Developer: Worldwalker Games LLC
Release Date: June 15, 2021
This post is a little off the beaten path for me – normally, I play something, and if I’m going to write about it, I do it fairly soon afterwards. My credits roll on Wildermyth happened about 6 months ago – I meant to write about it at that time, but I kept pushing it back for one reason or another until it fell off my radar entirely. When I was making my list of games to talk about for the #JustOnePercent project, I realized that this would be the perfect excuse to revisit the game – even briefly.
Wildermyth is a party-based RPG, where the focus is on character and story more than on combat and gear. There are six story campaigns, each of which has a distinct over-arching story, but with random encounters in between the story beats, as well as four random story options. Upon completing a campaign of any type, you’re given the option to add characters from that campaign to your Legacy, where they can be selected for later playthroughs with better starting stats. The more times you play a certain character, and re-add them to your legacy, the stronger they become.
It’s a neat gimmick, and if you find yourself playing a lot, it won’t take too long for your legacy to get a bit unwieldy. However, if you don’t care for the base gameplay – and that includes a lot of reading and choice-based character progression – the legacy system probably won’t endear you overly much to the rest of the game.
There are only three classes – warrior, hunter, and mage, and rather than dithering over stats and equipment, the character creation process focuses mainly on the look of your character and their personality traits. In most campaigns, your would-be heroes start with frying pans and pitchforks, and class customization is limited to choosing from one of a handful randomly rolled abilities when you obtain enough experience to level up. There are also limited enemy types, and it can lead to the combat sections feeling repetitive and almost dull after awhile.

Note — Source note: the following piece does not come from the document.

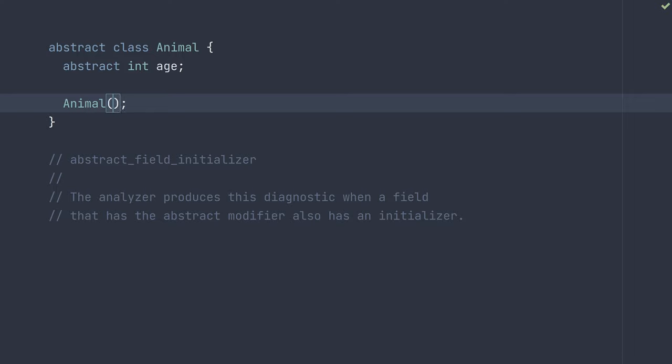So that's the analyzer's abstract field initializer diagnostic. If you have any questions, feel free to post them in the comments. I'll get back to you. Thanks. Bye.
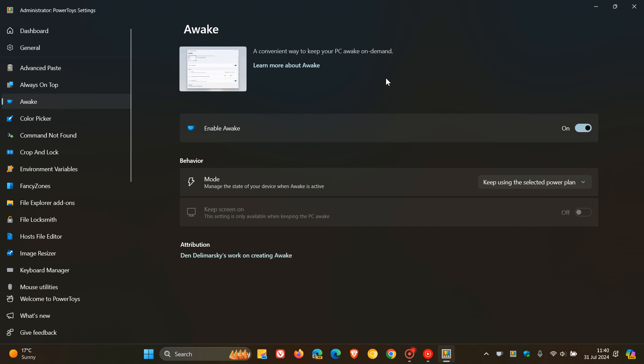If you turn the feature and module on, you get the different modes to manage the state of your device when Awake is active. The default is keep using the selected power plan.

The main appeal of the game lies in the stories it tells. Initially, getting a new event is exciting; most of my game time was spent playing co-op with a friend, and we’d spend a significant amount of time debating our choices, when we could only guess where those choices would lead. However, despite the randomly generated maps, there are only a limited number of these carefully constructed encounters, and even if you just play through the story campaigns, you’ll likely have a handful that you encounter enough times that you’ll have learned the optimum choice to make, especially if you tend to choose similar personality traits for your heroes. Personally, I was partial to making character that were snarky and bookish, and since traits have an effect on what encounters you receive, it wasn’t long before I started seeing repeats.
Despite these weaknesses, I really enjoyed the more than fifty hours I spent playing Wildermyth. I really appreciated the need to manage how long you spent on each chapter; as enemies would get stronger with the passage of time, and if you weren’t clearing infested areas quickly enough, you could get an incursion of many powerful enemies to deal with. I liked feeling like every decision I made had some weight, and I’ll admit to getting attached to my characters. I was sad when they aged up and retired, and sadder still on the (very rare) occasions one ended up being permanently maimed or dying. I wanted success and happiness for these little paper people, and was charmed by the short summaries of how they filled their time during the years of peace between chapters.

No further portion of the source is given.